Ten days ago I was, via lovely Eleni, telling the shepherd about the lush green grass up at the hovel and urging him to bring his flock up to graze lest they miss out. When I see him next I shall be begging him to bring his sheep up out of pity. The green grass has almost gone. Almost everything is brown.
Driving up the grass track to the house I was horrified. It was as if the whole area had been affected by a great heat. But as it happens that is exactly what has happened. Down by the sea at Kalamata today it is 33 degrees. Up at the hovel it is over thirty. It is wonderful weather to work in but the grass is burning away.
The purple flowers, a sort of lavender, survive but the dominant colour is now brown. The only green patches are the leaves on the olive trees and, of course, the accursed frigana bushes. I have retrieved my frigana cutter from the farm equipment shop in Kambos and this afternoon waded into the few remaining bushes with gusto. Those bushes are are the very edge of our land, they are thick and I dread to think what might lurk inside. But I wade in anyway.

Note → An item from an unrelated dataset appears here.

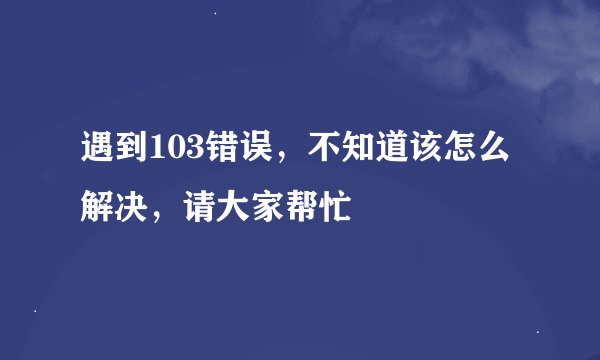 遇到103错误,不知道该怎么解决,请大家帮忙
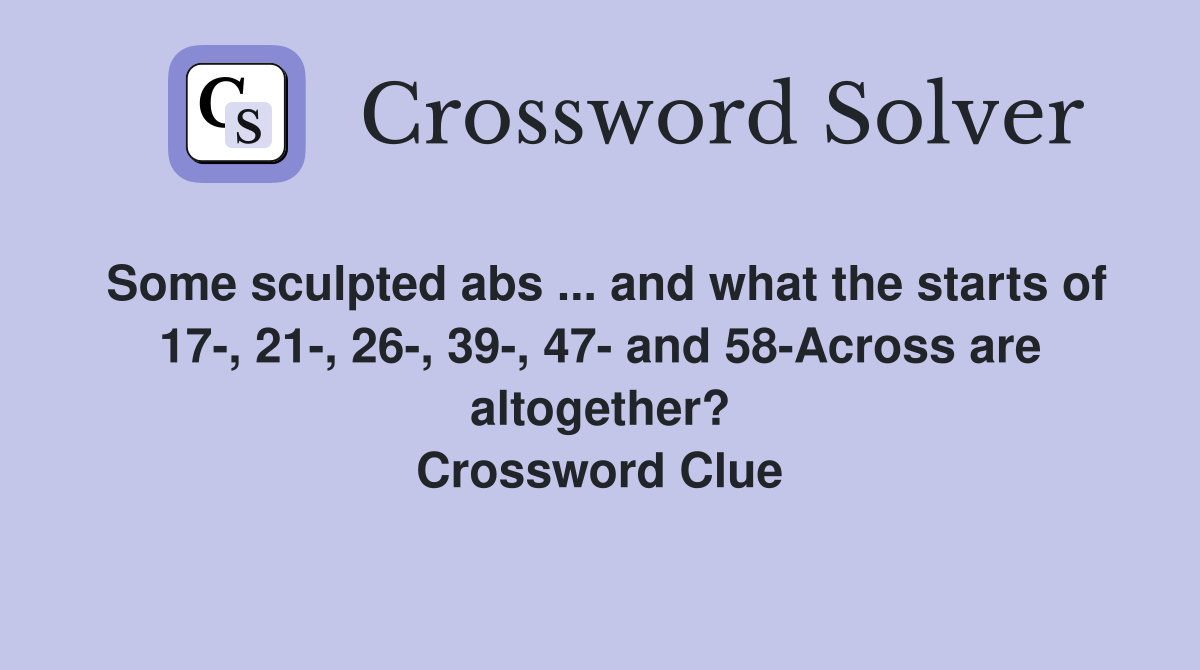 Some sculpted abs ... and what the starts of 17-, 21-, 26-, 39-, 47- and 58-Across are altogether? Crossword Clue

The more central frigana that has somehow survived tow years of attacks from me was dealt with on the first part of my trip. The bushes I slashes now lie on the ground a golden brown. The odd green stalk I missed pokes through the mass of dead branches in a defiant way. Its defiance is its downfall for as I pass I "take it out""
The Mrs arrives on the afternoon of the seventh. I want to ensure that by then the last 40 olive trees are pruned and the frigana gone. At that point the fields will be even more brown and it will be time to start digging out the earth floor of the bat room in preparation for the eventual rebuilding of the hovel.